WeBank’s Deployment of Tencent TDSQL: Distributed Database Architecture, High Availability, and Scaling
WeBank adopted Tencent TDSQL, a MySQL‑based distributed database with strong‑consistency replication, auto‑sharding, read/write separation, automatic failover, and a management platform; deployed across two IDC regions using a 3+2 replica model, supporting petabyte data, billions of daily transactions, and high availability.
When WeBank was founded in 2014, it deliberately chose a distributed, internet‑style architecture instead of the traditional centralized IT stack. Partnering with Tencent, it collaborated to adapt Tencent’s financial‑grade distributed database product TDSQL for core banking workloads.
TDSQL is built on the MySQL/MariaDB community code base but adds kernel‑level replication optimizations that provide strong consistency across master‑slave replicas. The system integrates modules such as TDSQL Agent, SQLEngine, and Scheduler, delivering read/write separation, auto‑sharding, automatic failover, real‑time monitoring, and cold‑backup capabilities.

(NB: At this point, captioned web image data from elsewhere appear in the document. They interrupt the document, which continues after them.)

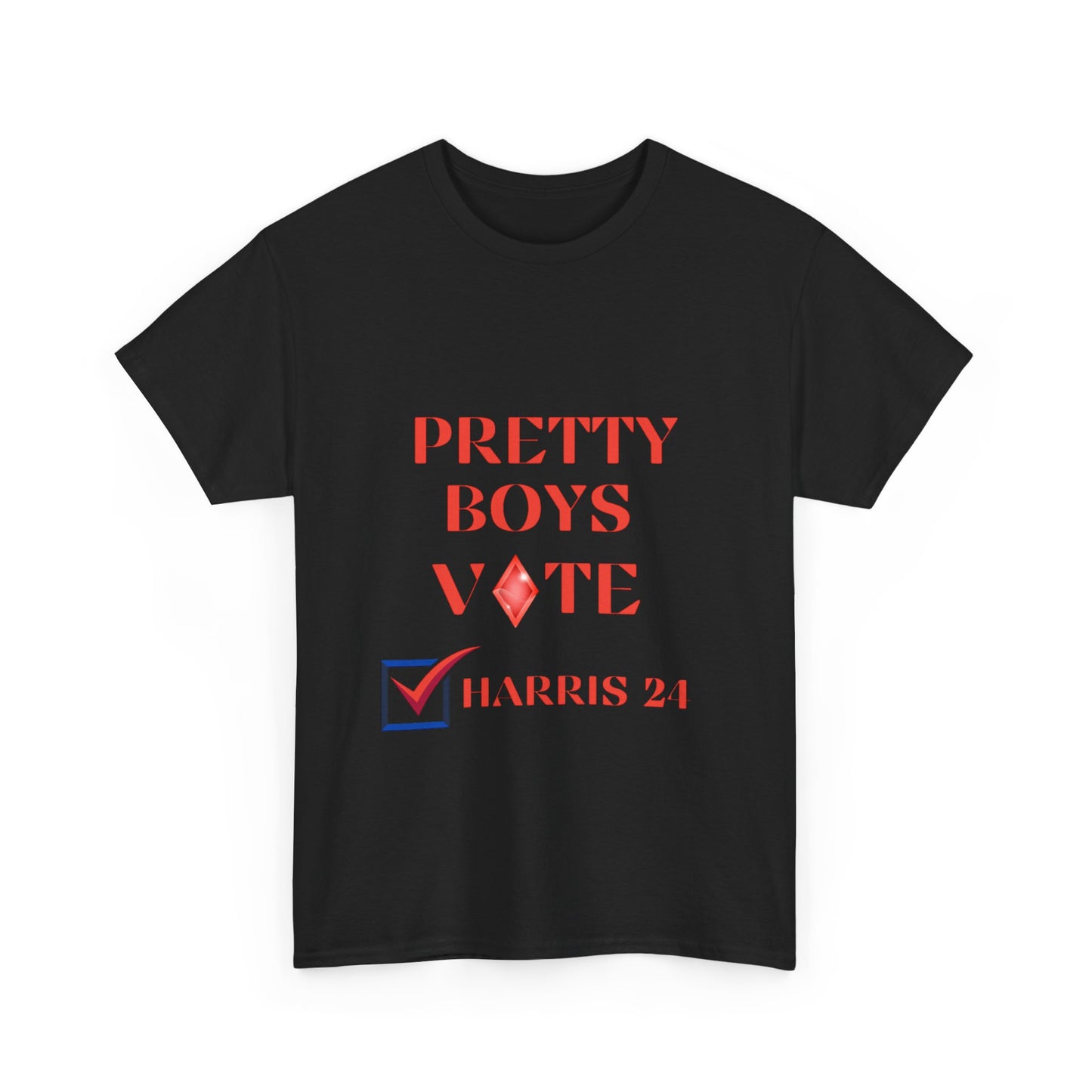 PRETTY BOYS VOTE HARRIS T-SHIRT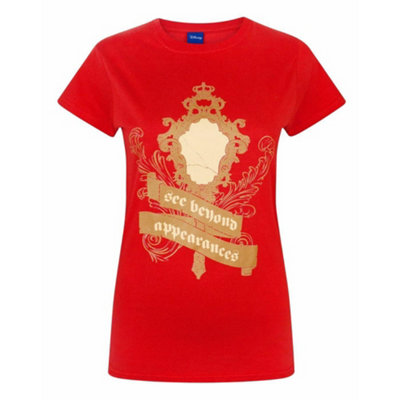 B&Q -  Disney Womens Red Enchatned Mirror Short Sleeved T-Shirt (Xx-Large)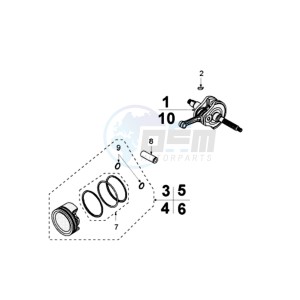 GEOPOLIS 250 drawing CRANKSHAFT AND CYLINDER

Two deployment modes are offered: noshard (single‑instance, fully MySQL‑compatible, vertical scaling only) and shard (auto‑sharding with distributed transactions, enabling horizontal scaling). The shard mode uses the SQLEngine to present a single logical database view while distributing data across multiple physical instances.
Strong‑consistency replication enables sub‑second master‑slave failover (RPO = 0, RTO ≈ 30 s). A special watch node acts as a read‑only observer that does not participate in elections, allowing flexible role adjustments during failures.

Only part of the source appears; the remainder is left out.